**Your goal:** Restate, in full and unchanged, the entries that follow, but not their pictures.

Working data START

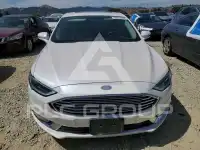 2017 Ford FUSION photo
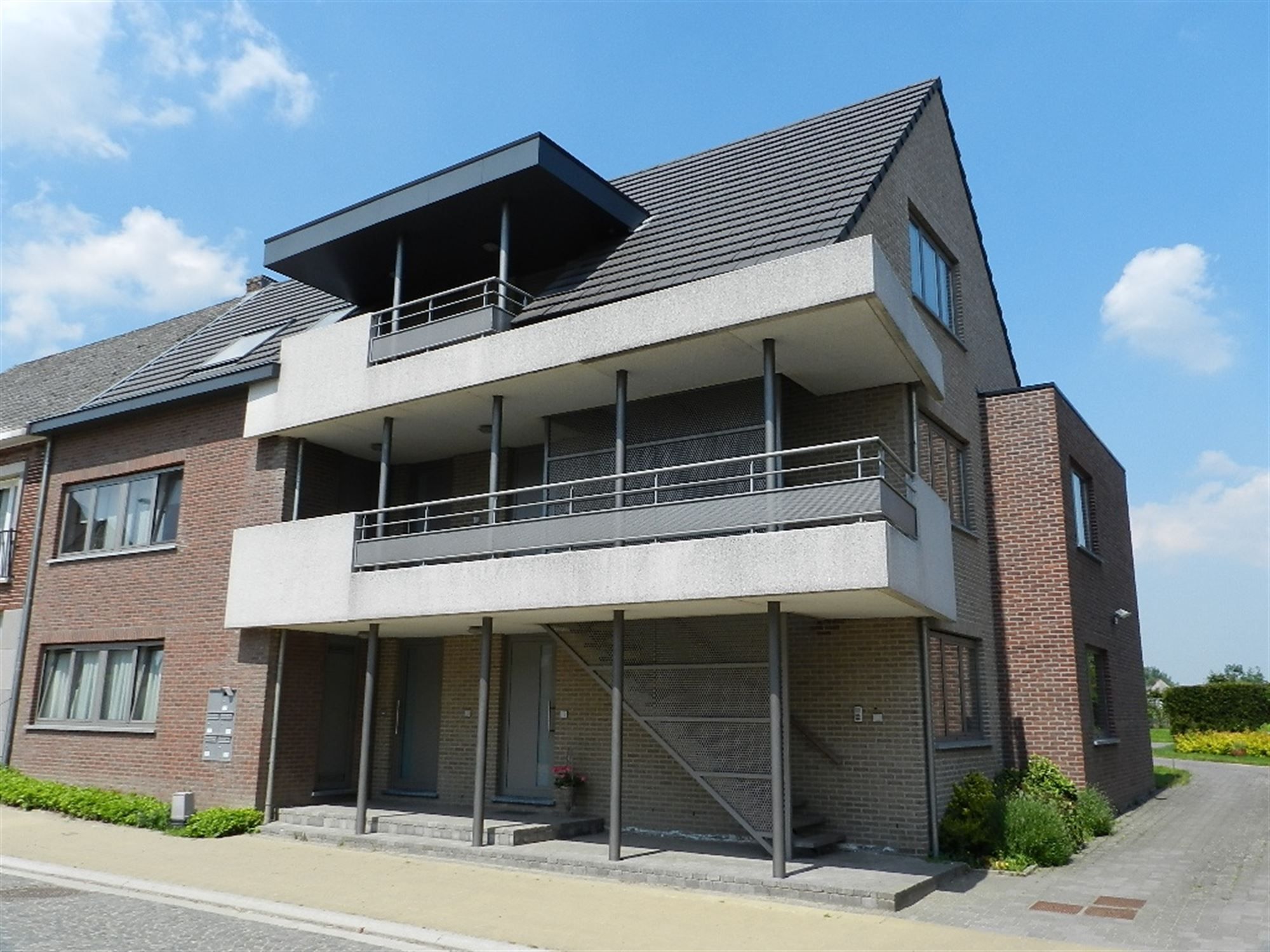 Zeer interessant gelegen gelijkvloers appartement op wandelafstand van centrum. foto 1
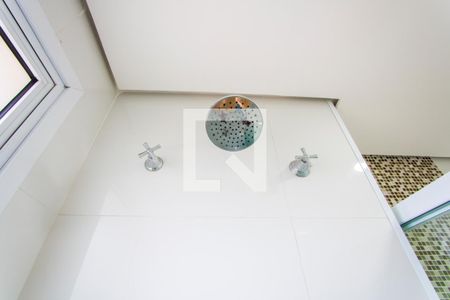 Apartamento à venda com 57m², 2 quartos e 1 vagaBanheiro do quarto 1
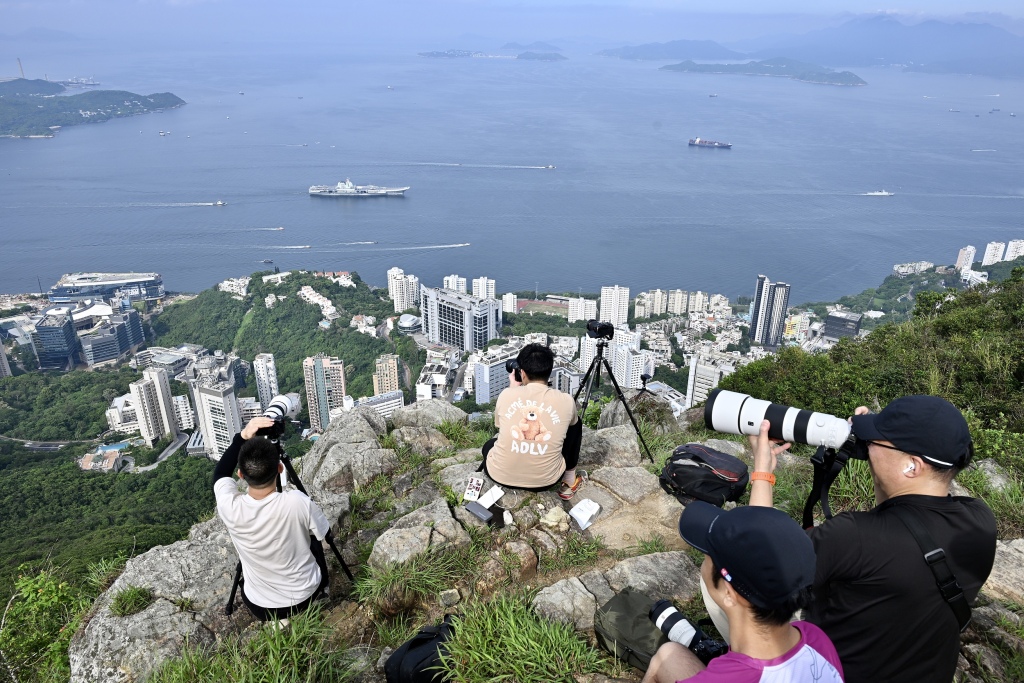 第1现场 | 海军山东舰航母编队抵达香港
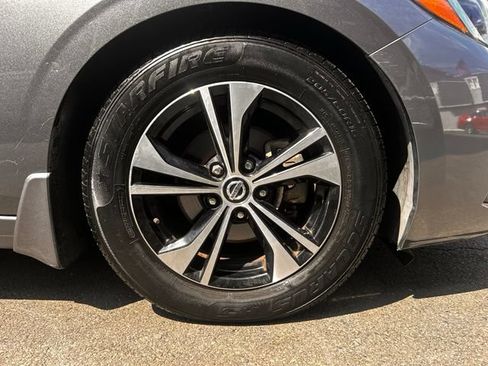 Used 2020 Nissan Sentra SV FWD image 29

Working data END

**Output of the exercise:**
 2017 Ford FUSION photo
 Zeer interessant gelegen gelijkvloers appartement op wandelafstand van centrum. foto 1
 Apartamento à venda com 57m², 2 quartos e 1 vagaBanheiro do quarto 1
 第1现场 | 海军山东舰航母编队抵达香港
 Used 2020 Nissan Sentra SV FWD image 29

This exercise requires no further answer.